*Task objective*
Take the lines from the head of the listing through the one bearing "Hot Tub + Outdoor" and copy them exactly, leaving every picture out.

*Records shown*

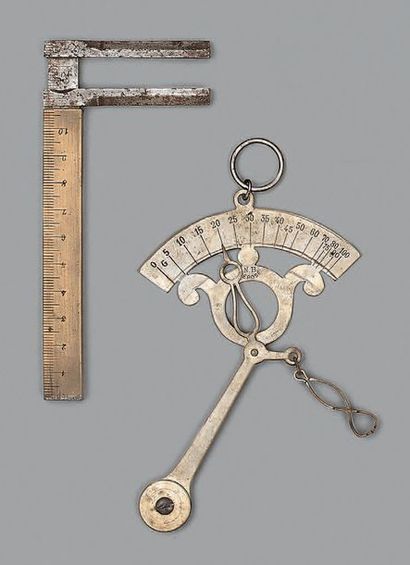 Deux instruments de mesure: un pied à coulisse...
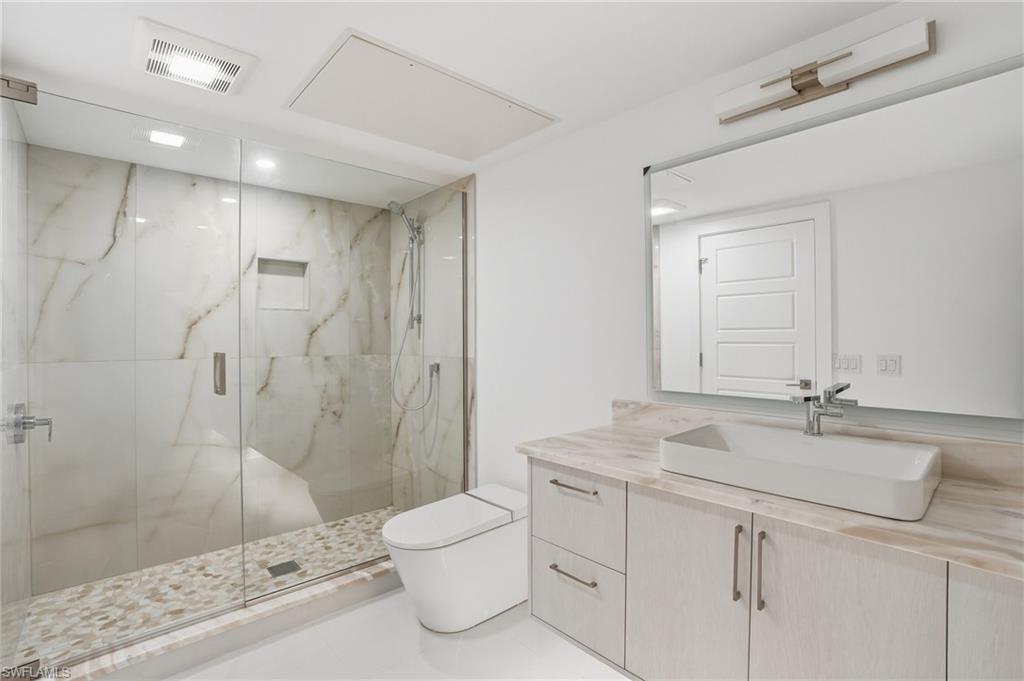 Bathroom featuring vanity and a marble finish shower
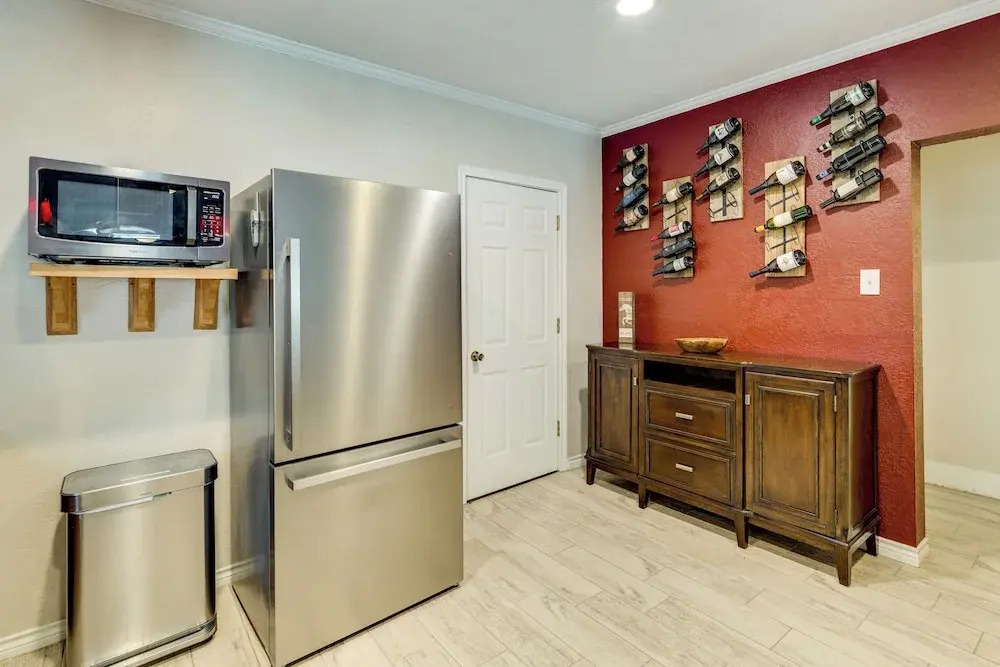Hot Tub + Outdoor Kitchen: Stylish Home in Bryan
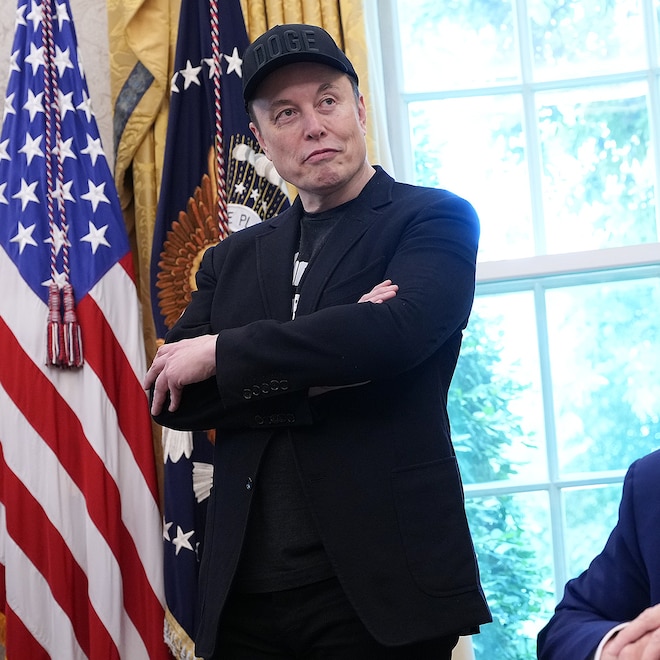 Tesla CEO Elon Musk and U.S. President Donald Trump listen to a question from reporters in the Oval Office of the White House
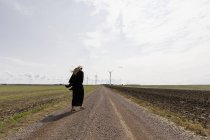 Жінка у чорній ходьбі по сільській дорозі. — стокове фото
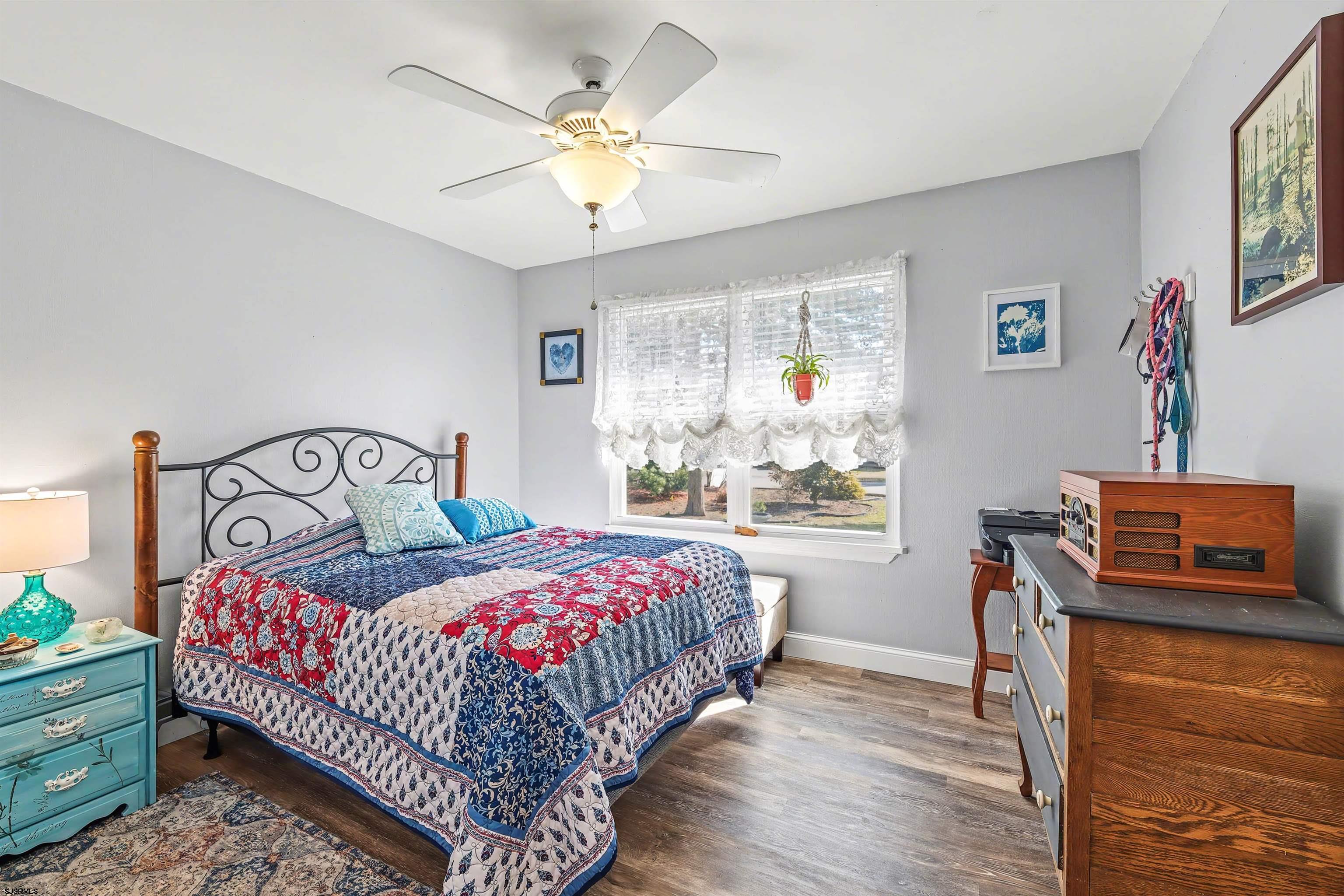 655 Weilers Lane Absecon, NJ 08201 - Photo 16 of 31 a bedroom with a bed a chandelier and a window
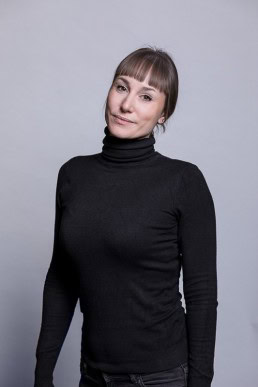 Corporate portrait of a woman wearing a high neck black sweater for Berquin Notarissen in Brussels	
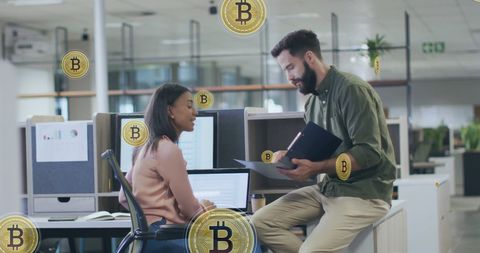 Colleagues Discussing Bitcoin in Modern Office Environment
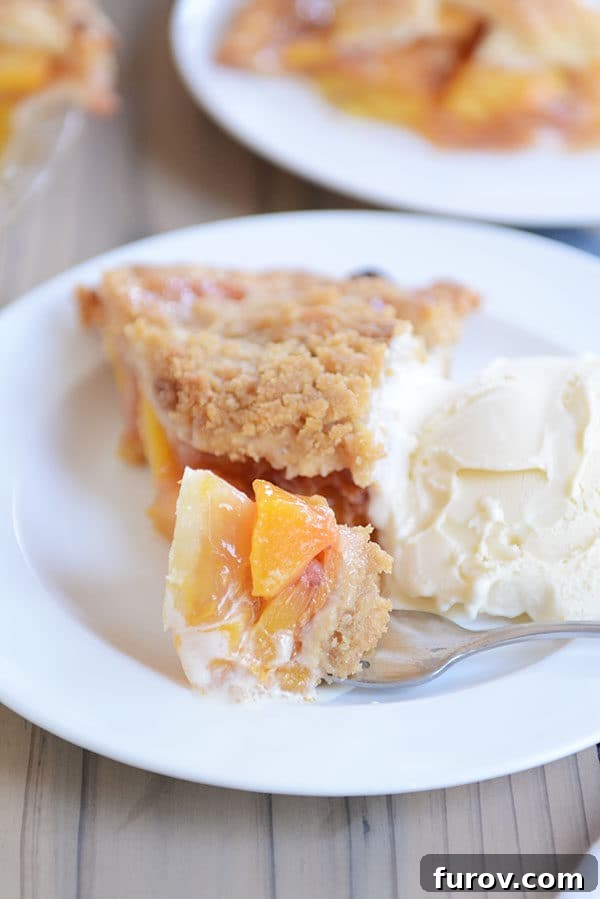 Juicy Fresh Peach Pie with Lattice or Crumb Topping 6 A fork taking a bite from a slice of fresh peach pie, artfully placed beside a scoop of vanilla ice cream.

*Written reply*
 Deux instruments de mesure: un pied à coulisse...
 Bathroom featuring vanity and a marble finish shower
Hot Tub + Outdoor Kitchen: Stylish Home in Bryan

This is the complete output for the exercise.